» **Dataset entries**:
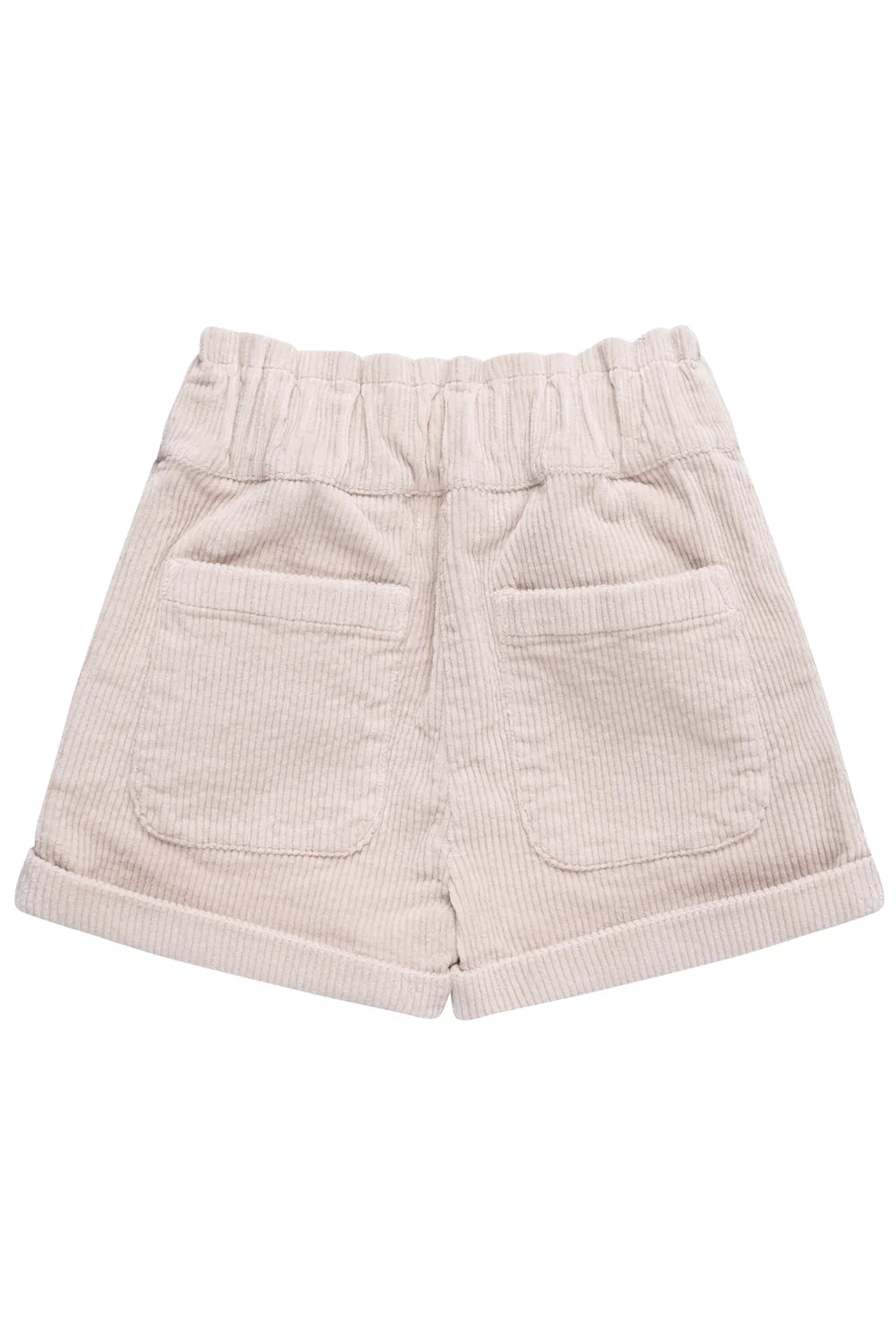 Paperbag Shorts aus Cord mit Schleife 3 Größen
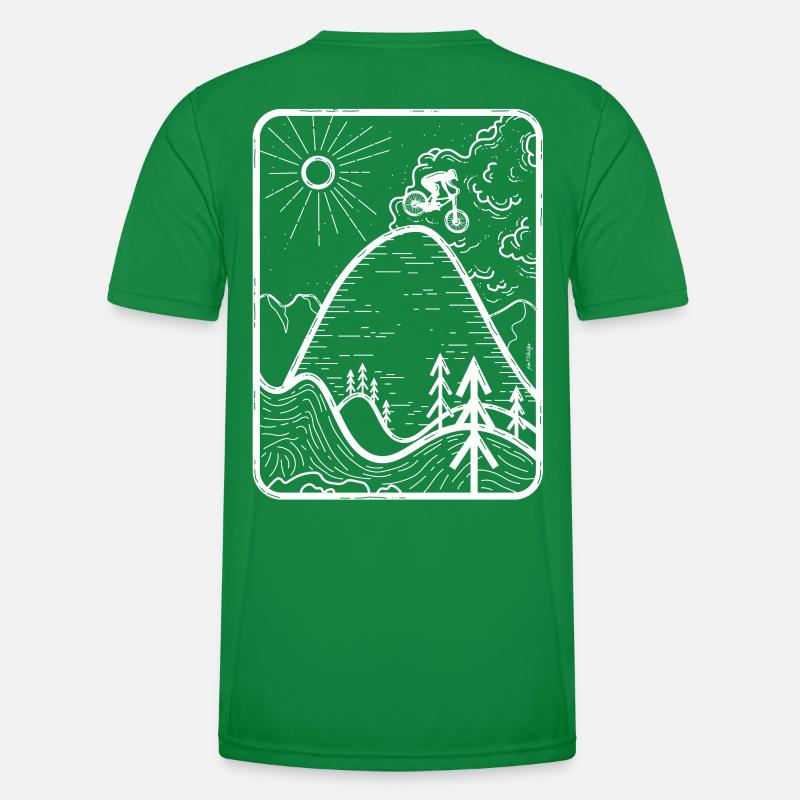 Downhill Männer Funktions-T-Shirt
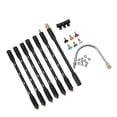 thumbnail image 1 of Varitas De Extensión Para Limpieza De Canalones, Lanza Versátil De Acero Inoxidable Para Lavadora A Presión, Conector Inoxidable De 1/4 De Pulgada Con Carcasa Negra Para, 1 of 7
---
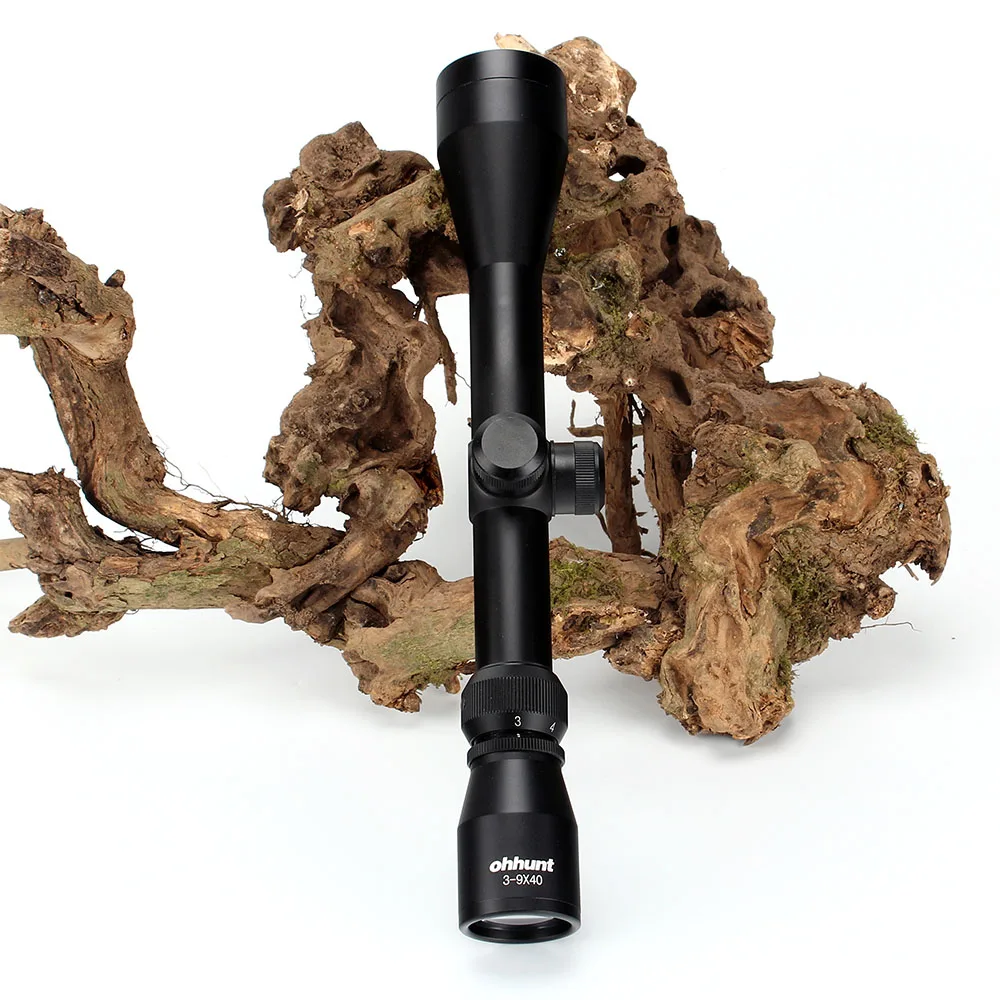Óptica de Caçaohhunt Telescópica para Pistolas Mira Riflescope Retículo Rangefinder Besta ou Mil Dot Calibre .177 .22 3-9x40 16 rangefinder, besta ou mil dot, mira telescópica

» **What the task asks**:
Leaving out the pictures, please output the lines in the entries above from the one with "Downhill Männer Funktions-T-Shirt" through the one with "thumbnail image 1", exactly as they are.

» **Written answer**:
 Downhill Männer Funktions-T-Shirt
 thumbnail image 1 of Varitas De Extensión Para Limpieza De Canalones, Lanza Versátil De Acero Inoxidable Para Lavadora A Presión, Conector Inoxidable De 1/4 De Pulgada Con Carcasa Negra Para, 1 of 7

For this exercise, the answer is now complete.